Ein lesenswerter Text über das Beleidigtsein:
Alles:Das unheimliche Gespür für Beleidigtsein: Generation Leberwurst
Wenn es eine neue und dominante politische Triebkraft der 2010er Jahre gibt, dann ist es die Beleidigtheit. Das Jahrzehnt begann mit der Sarrazin-Debatte. Ob es der damalige Bundesbanker bewusst tat oder nicht, er stieß mehrere Menschen vor den Kopf. Sarrazins trockener Kommentar, wonach Tatsachen keine Beleidigung seien, machte es noch heftiger. Viele fühlten sich von Sarrazins Buch „Deutschland schafft sich ab“ beleidigt, wobei ich den Verdacht nicht loswerde, dass es mehr Trittbrettfahrer der Beleidigtheit gab als wirklich Getroffene.

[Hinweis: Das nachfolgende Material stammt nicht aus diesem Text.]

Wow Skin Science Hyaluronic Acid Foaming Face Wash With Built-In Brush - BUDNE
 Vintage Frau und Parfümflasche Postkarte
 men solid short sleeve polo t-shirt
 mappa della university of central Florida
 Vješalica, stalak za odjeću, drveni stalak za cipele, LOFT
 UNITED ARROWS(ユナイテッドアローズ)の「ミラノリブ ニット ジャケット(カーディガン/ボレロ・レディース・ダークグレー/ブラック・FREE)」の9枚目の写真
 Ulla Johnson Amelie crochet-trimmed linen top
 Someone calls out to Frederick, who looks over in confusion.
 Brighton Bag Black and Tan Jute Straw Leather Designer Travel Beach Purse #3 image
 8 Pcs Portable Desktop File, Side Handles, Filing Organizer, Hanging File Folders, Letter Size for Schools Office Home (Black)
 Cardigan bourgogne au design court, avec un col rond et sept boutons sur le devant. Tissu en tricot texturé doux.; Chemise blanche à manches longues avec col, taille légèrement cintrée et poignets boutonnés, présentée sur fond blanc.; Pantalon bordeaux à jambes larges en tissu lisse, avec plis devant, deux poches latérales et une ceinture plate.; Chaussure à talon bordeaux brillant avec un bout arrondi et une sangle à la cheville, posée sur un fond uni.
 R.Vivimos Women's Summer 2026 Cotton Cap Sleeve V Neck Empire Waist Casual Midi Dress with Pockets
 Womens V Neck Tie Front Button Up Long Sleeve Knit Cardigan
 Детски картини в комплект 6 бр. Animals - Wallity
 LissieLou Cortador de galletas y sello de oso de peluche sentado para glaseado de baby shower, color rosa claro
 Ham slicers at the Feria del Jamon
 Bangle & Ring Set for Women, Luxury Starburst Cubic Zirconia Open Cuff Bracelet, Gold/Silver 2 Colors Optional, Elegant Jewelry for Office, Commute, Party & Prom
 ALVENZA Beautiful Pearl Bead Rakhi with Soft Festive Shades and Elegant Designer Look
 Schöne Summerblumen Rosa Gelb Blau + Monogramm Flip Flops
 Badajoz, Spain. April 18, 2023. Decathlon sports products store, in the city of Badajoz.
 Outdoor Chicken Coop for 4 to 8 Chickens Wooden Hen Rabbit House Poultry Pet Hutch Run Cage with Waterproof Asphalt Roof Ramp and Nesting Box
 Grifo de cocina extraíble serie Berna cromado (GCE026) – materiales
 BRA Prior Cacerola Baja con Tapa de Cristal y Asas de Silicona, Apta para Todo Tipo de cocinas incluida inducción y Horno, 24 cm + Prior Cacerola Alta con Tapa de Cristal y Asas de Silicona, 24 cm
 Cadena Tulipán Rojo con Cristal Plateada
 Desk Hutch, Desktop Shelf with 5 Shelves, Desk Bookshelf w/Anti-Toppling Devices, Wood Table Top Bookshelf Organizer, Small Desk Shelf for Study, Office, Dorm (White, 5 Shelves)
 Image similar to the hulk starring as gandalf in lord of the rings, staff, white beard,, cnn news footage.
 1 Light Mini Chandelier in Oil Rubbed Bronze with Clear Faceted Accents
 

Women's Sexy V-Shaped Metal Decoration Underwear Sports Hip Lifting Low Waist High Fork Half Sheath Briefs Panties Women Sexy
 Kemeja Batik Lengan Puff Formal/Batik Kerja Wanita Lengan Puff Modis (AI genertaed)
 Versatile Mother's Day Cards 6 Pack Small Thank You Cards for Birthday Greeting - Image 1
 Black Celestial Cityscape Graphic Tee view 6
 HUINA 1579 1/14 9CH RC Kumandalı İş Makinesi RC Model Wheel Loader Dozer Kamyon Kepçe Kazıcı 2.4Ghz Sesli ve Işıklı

Statistiker warfen ihm Missbrauch statistischer Methoden vor, SPD-Politiker sahen sich ebenso diskreditiert wie viele Muslime und Hartz-IV-Empfänger.
Die Kehrseite der Medaille des Wutbürgers, wie dieser in Stuttgart gegen den neuen Bahnhof demonstrierte, war der Schmollbürger, der nach Gelegenheiten suchte, sich auf den Schlips getreten zu fühlen. In der ökonomischen Spieltheorie gibt es das Verhalten des so genannten Defektierers, welcher sich bewusst unkooperativ verhält, um sich Vorteile zu verschaffen. Als Prototyp fällt mir der damalige griechische Finanzminister Varoufakis ein, der vor gut einem Jahr Europa auf den Kopf stellte, bevor die Flüchtlingskrise begann.
Das Verhalten eines Beleidigten oder auch nur scheinbar Beleidigten ähnelt dem eines Defektierers. Beide verderben das Spiel, der Beleidigte aber mit dem Kniff, den Anderen vorzuwerfen, ihm Unrecht angetan zu haben. Der Defektierer tut das eher in dreister Weise, der Beleidigte ist subtil. Im Grunde ist es wie ein Derivat, eine Option, diese Haltung, beleidigt zu sein. Der Defektierer hingegen hält Aktien. Defektierer handeln direkt, Beleidigte über Bande indirekt.